- _Exercise directions_
The lines to return are the one containing "Skull Face Neck" and all that follow it in the entries below, duplicated exactly and nothing else.

Collected data

------------------------------------------------

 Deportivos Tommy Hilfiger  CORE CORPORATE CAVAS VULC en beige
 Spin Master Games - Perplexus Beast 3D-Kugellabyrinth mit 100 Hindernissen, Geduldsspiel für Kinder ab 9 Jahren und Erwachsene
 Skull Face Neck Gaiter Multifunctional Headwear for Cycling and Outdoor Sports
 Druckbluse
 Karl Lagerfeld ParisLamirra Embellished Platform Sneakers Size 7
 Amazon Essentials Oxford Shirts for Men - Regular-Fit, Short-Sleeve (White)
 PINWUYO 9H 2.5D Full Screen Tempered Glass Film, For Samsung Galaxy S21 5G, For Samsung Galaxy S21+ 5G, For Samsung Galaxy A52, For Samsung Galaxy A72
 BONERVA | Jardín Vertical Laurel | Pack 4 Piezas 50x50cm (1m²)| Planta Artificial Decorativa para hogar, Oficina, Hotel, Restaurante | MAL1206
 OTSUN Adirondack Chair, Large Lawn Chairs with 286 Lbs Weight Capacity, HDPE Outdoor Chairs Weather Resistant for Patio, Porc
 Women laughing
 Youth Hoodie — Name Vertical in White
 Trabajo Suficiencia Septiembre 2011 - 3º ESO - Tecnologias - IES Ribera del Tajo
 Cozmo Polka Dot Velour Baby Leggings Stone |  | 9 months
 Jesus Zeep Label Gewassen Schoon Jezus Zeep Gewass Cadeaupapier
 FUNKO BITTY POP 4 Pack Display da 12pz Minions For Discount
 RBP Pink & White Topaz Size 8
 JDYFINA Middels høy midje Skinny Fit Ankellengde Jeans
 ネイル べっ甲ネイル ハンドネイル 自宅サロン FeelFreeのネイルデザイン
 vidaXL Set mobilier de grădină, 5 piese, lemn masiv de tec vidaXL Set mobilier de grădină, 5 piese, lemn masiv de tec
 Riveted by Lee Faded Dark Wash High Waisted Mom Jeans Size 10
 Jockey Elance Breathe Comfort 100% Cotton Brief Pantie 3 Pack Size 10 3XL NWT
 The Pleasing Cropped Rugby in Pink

------------------------------------------------

- _Solution below_
 Skull Face Neck Gaiter Multifunctional Headwear for Cycling and Outdoor Sports
 Druckbluse
 Karl Lagerfeld ParisLamirra Embellished Platform Sneakers Size 7
 Amazon Essentials Oxford Shirts for Men - Regular-Fit, Short-Sleeve (White)
 PINWUYO 9H 2.5D Full Screen Tempered Glass Film, For Samsung Galaxy S21 5G, For Samsung Galaxy S21+ 5G, For Samsung Galaxy A52, For Samsung Galaxy A72
 BONERVA | Jardín Vertical Laurel | Pack 4 Piezas 50x50cm (1m²)| Planta Artificial Decorativa para hogar, Oficina, Hotel, Restaurante | MAL1206
 OTSUN Adirondack Chair, Large Lawn Chairs with 286 Lbs Weight Capacity, HDPE Outdoor Chairs Weather Resistant for Patio, Porc
 Women laughing
 Youth Hoodie — Name Vertical in White
 Trabajo Suficiencia Septiembre 2011 - 3º ESO - Tecnologias - IES Ribera del Tajo
 Cozmo Polka Dot Velour Baby Leggings Stone |  | 9 months
 Jesus Zeep Label Gewassen Schoon Jezus Zeep Gewass Cadeaupapier
 FUNKO BITTY POP 4 Pack Display da 12pz Minions For Discount
 RBP Pink & White Topaz Size 8
 JDYFINA Middels høy midje Skinny Fit Ankellengde Jeans
 ネイル べっ甲ネイル ハンドネイル 自宅サロン FeelFreeのネイルデザイン
 vidaXL Set mobilier de grădină, 5 piese, lemn masiv de tec vidaXL Set mobilier de grădină, 5 piese, lemn masiv de tec
 Riveted by Lee Faded Dark Wash High Waisted Mom Jeans Size 10
 Jockey Elance Breathe Comfort 100% Cotton Brief Pantie 3 Pack Size 10 3XL NWT
 The Pleasing Cropped Rugby in Pink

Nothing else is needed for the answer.